• Work instruction
Leaving out every picture, copy the lines of the data exactly, from the first through the line containing "Man with electronic".

• Data for review

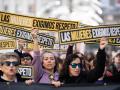 Varias personas sujetan carteles durante una manifestación por el 25N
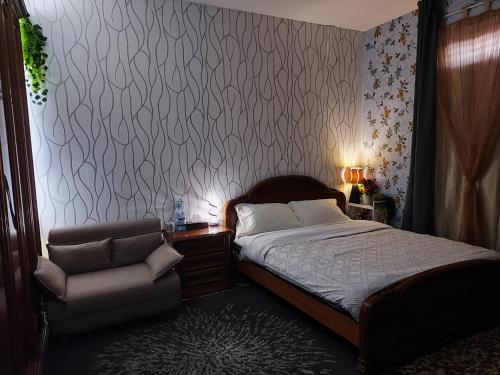 Postel nebo postele na pokoji v ubytování FARISTHA house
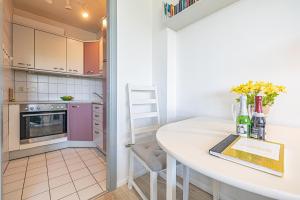 a small kitchen with a white table with flowers on it at fewo1846 - Del Mar - komfortable 2-Zimmer-Wohnung mit Balkon im 7 OG in Glücksburg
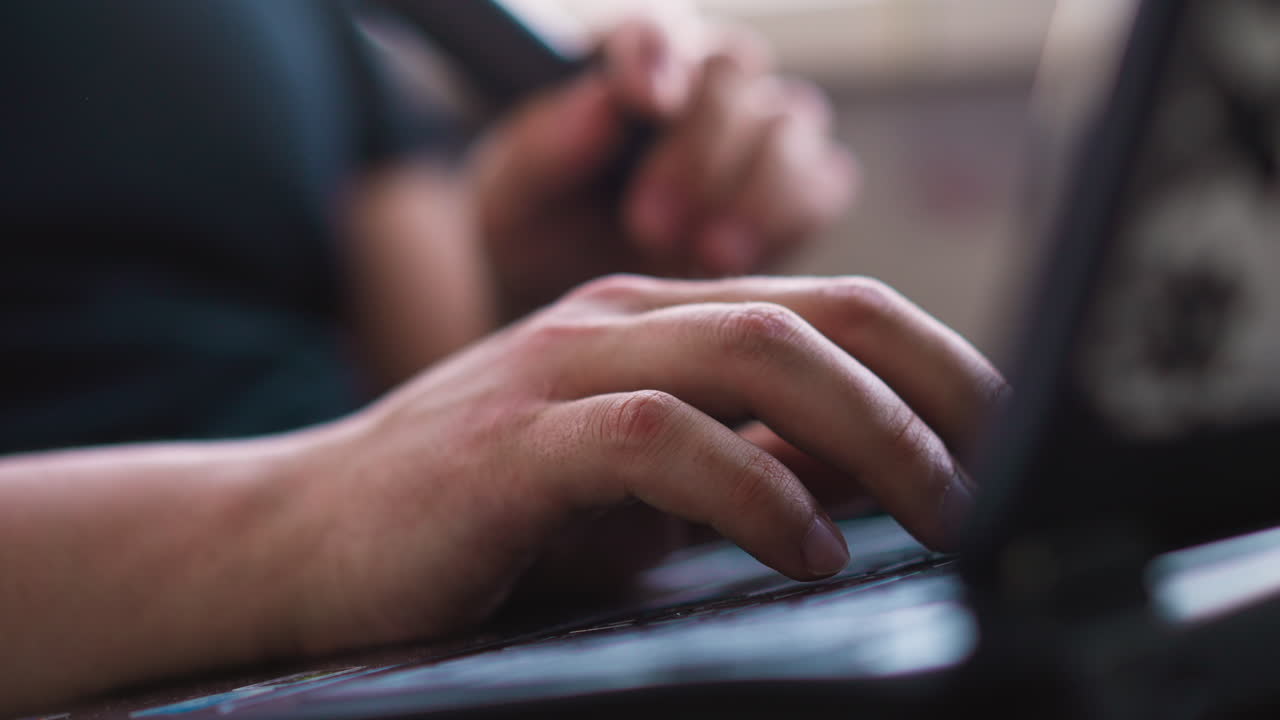 Man with electronic cigarette works on notebook keyboard
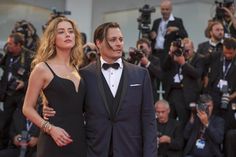 a man and woman standing next to each other in front of photographers on the red carpet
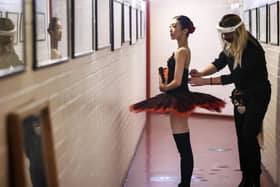 A member of the back stage staff wears PPE as she helps a ballerina from Northern Ballet prepare at Leeds Playhouse, ahead of Northern Ballet's first live performances in more than seven months. PA Photo. Danny Lawson/PA Wire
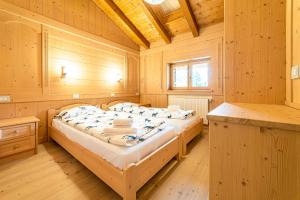 a bedroom with two beds in a wooden room at Ciesa Al Drago in Rocca Pietore
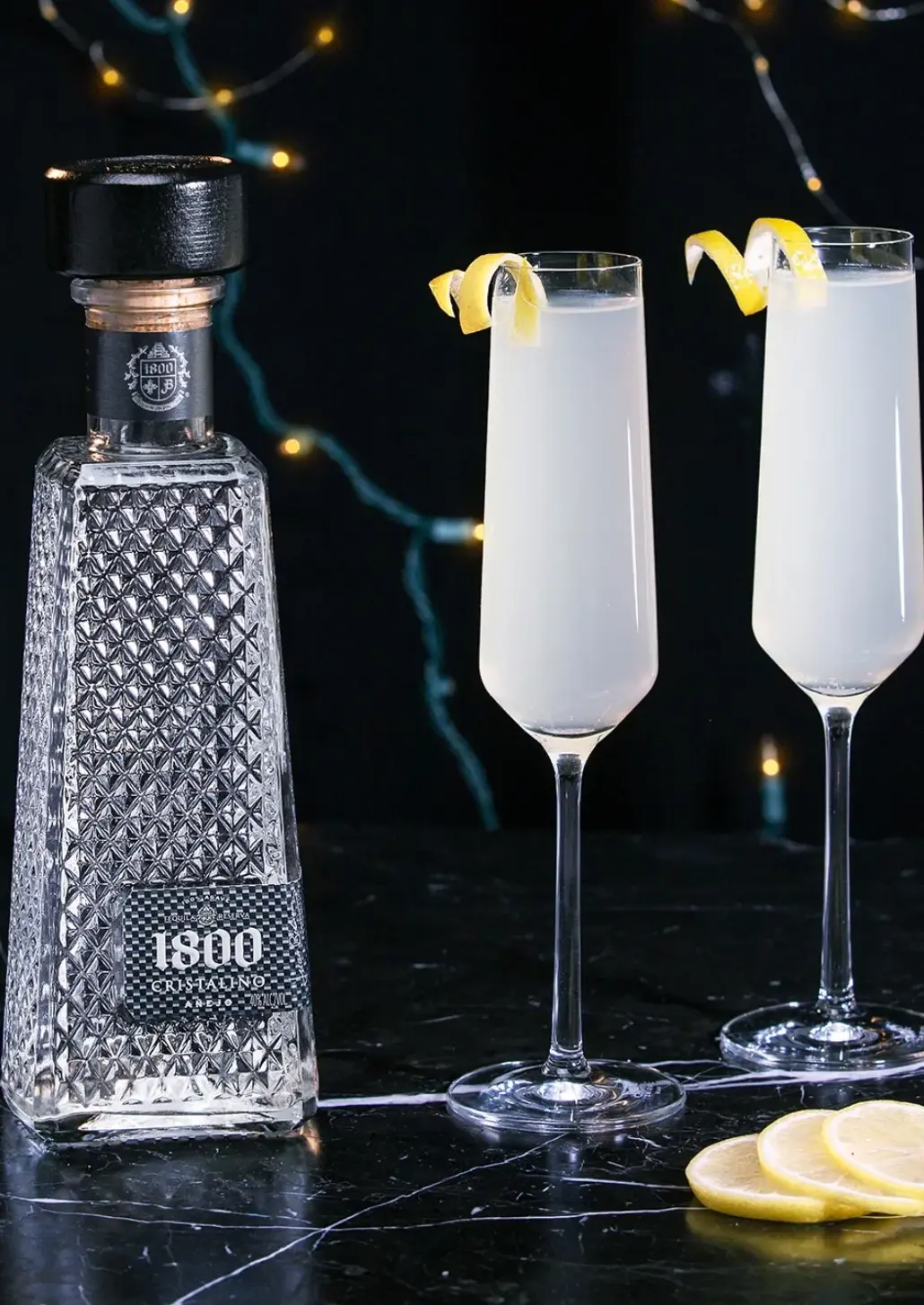 bottle of 1800 cristalino tequila and 2 champagne flutes of 75 jalisco cocktail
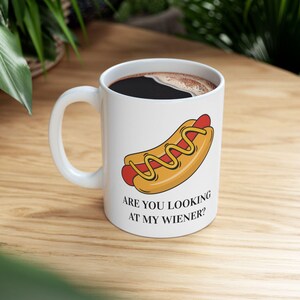 Puede incluir: Taza de café de cerámica blanca con asa, llena de líquido oscuro. La taza presenta un dibujo de un perrito caliente con mostaza y el texto "ARE YOU LOOKING AT MY WIENER?" en la parte delantera. La taza está sobre una superficie de madera.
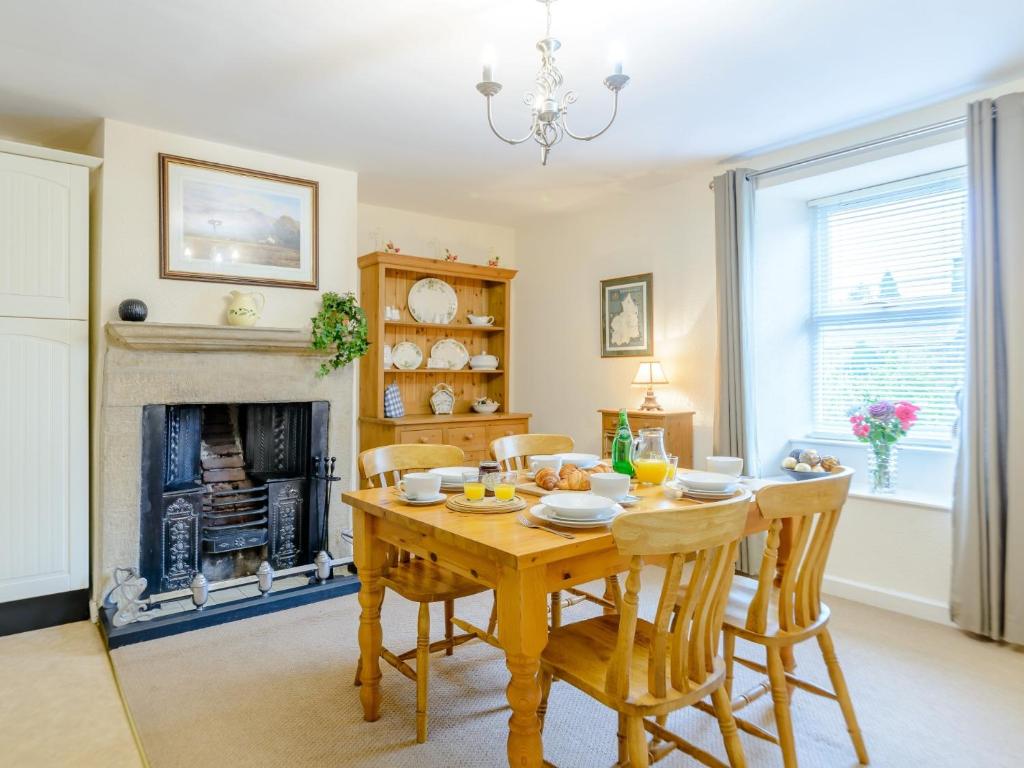 a dining room with a table and chairs and a fireplace at 2 Bed in Rothbury 74811 in Rothbury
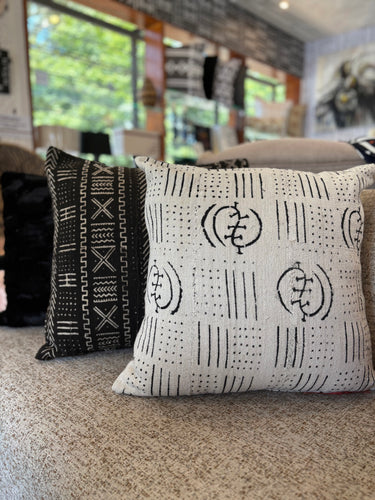 Two mud cloth patterned pillows on a couch in a living room setting.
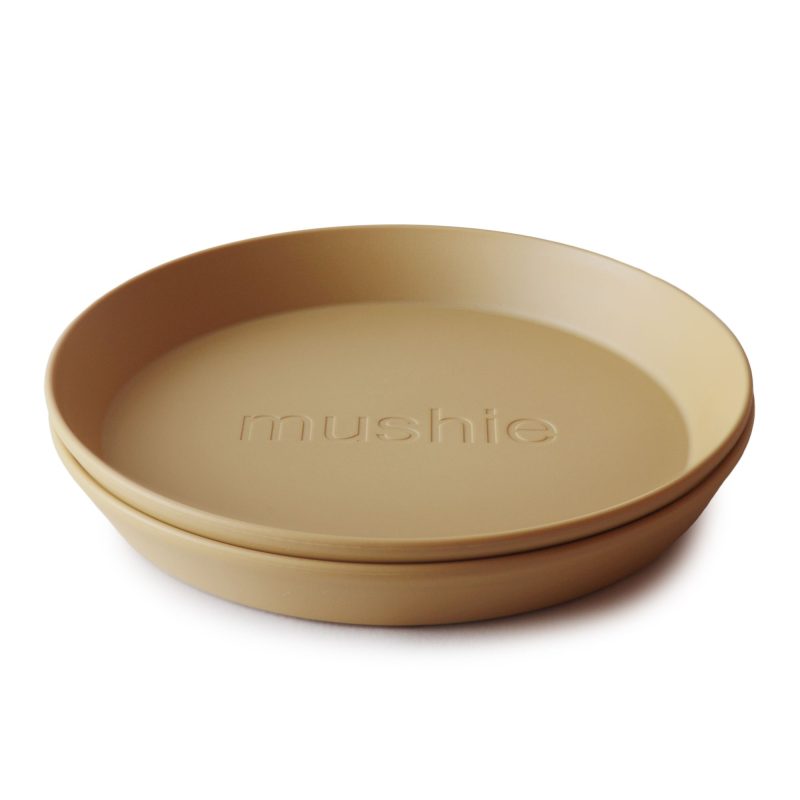 Mushie bord rond Mustard. Product foto, twee borden in elkaar gestapeld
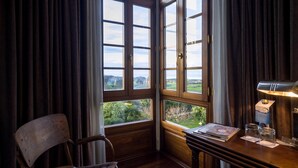 A room with a wooden desk, a chair, and a large window with curtains.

• Response for this exercise
 Varias personas sujetan carteles durante una manifestación por el 25N
 Postel nebo postele na pokoji v ubytování FARISTHA house
 a small kitchen with a white table with flowers on it at fewo1846 - Del Mar - komfortable 2-Zimmer-Wohnung mit Balkon im 7 OG in Glücksburg
 Man with electronic cigarette works on notebook keyboard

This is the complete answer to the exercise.